Also missing from these stories was a clear and cogent explanation of why Alex was ever admitted to Gottleib Hospital and then transferred to LUMC in the first place. It’s mentioned in some places that Alex was “inconsolable, highly-distressed and suffering bouts of violent vomiting, severe constipation and diarrhea.” I had to look for clues to explain it, and, I must admit, I still remain puzzled. Certainly, these petitions demanding that LUMC provide what Ms. Spourdalakis considers to be “standard medical treatment,” which to her included gastroenterology. Peppered through various reports were indications that Alex had multiple allergies and GI issues. Having observed a fair amount of autism quackery on the Internet, these terms were huge red flags to me that strongly suggested the possibility that Ms. Spourdalakis was heavily into “autism biomed.” Another hint as to what might have been really going on comes from reports of a care plan conference on March 12. Allegedly (we only have one side of the story given that the hospital and doctors are bound by HIPAA privacy law not to discuss the case), if Ms. Spourdalakis failed to agree completely to the care plan Alex would be placed in the care of the Illinois Division of Family and Children Services (DFCS).
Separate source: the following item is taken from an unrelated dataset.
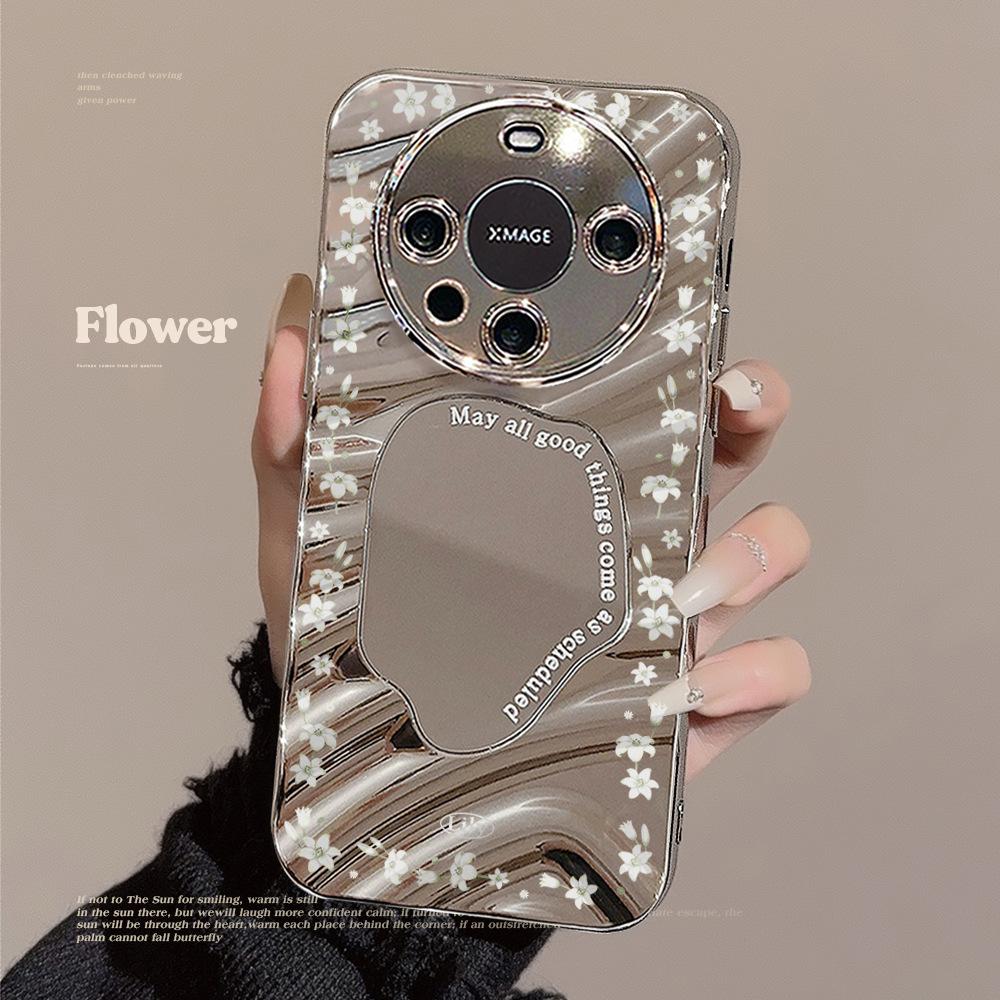 Spiegel Handyhülle für iPhone 16 11 13 14 für 16 Pro 12 13 15 16 Pro Max für Samsung A15 A16 A35 A55 Niedliche Wolke Blume Welpe Galvanisierte Handyhülle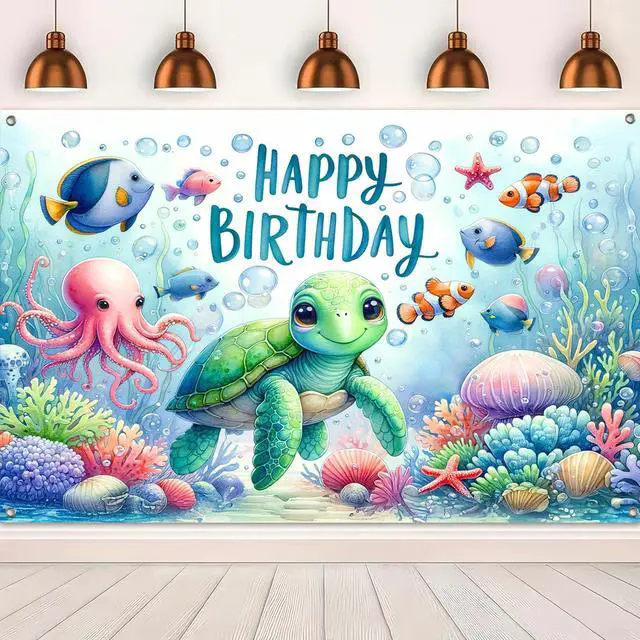 Alt view image 5 of 5 - Happy Birthday Banner Under The Sea Backdrop 120x84 Inch | Ocean Animals Theme Party Background Decoration with Turtle Octopus for Kids Girls Boys Celebration Large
Elsewhere, I found references to demands that LUMC consult with an “Autism Medical Specialist to ensure Alex’s dietary needs were met to ensure his food allergies and intolerance’s were not aggravating any underlying gastrointestinal or other medical conditions that may also cause adverse behaviors”, which sounded suspiciously like an autism biomed quack. In this post, Lisa Goes described a visit to LUMC with Jeanna Reed of Autism Is Medical, whose website if chock full of standard antivaccine and “autism biomed” tropes, such as a section on mitochondrial disorders, banners asking if autism is vaccine injury, and the like. It’s actually a pretty bare-bones website with lots of bugs, but the intent is clear. Besides, it’s obvious (to me, at least) that Lisa Goes is antivaccine, given that she has been a regular at the (Not-So) Thinking Moms’ Revolution. Indeed, in the very same post, Lisa Goes unwittingly portrayed Jeanna Reed as ranting and haranguing Alex’s doctors with pleas to read quack studies and claims that “many of these children present with bowel disease and mitochondrial dysfunction. He could have GERD, duodenitis, esophagitis, ulcers in the small intestines, colitis. How can we know if we don’t test?” This was pure autism biomed rhetoric, leavened with the arrogance of ignorance. When one of the doctors referred to autism as a “mystery,” Goes totally lost it, yelling, “No! No! It’s not. It’s a medical illness that causes bad behavior. All you have to do IS READ*!”

Such is the arrogance of ignorance that leads antivaccinationists to lecture physicians.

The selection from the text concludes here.